**Your instructions**: Please take the records that follow and repeat exactly the lines starting with the line with "2012 JEEP WRANGLER" and going on through the line with "Philadelphia Eagles’ Jalen".

**Entries shown**:
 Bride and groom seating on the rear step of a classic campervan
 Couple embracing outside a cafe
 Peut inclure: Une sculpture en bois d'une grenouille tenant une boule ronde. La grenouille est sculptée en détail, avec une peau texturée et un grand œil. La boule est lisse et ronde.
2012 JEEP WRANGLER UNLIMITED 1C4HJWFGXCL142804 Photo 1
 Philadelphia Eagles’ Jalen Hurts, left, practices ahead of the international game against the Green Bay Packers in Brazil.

* * *

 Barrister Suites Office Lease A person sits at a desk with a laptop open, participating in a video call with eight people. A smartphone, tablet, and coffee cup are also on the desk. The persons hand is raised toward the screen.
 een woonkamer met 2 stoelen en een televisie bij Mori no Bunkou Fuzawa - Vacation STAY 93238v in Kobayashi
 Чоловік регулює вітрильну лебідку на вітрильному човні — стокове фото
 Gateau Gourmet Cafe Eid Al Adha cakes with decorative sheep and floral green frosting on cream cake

**Answer for this exercise**:
2012 JEEP WRANGLER UNLIMITED 1C4HJWFGXCL142804 Photo 1
 Philadelphia Eagles’ Jalen Hurts, left, practices ahead of the international game against the Green Bay Packers in Brazil.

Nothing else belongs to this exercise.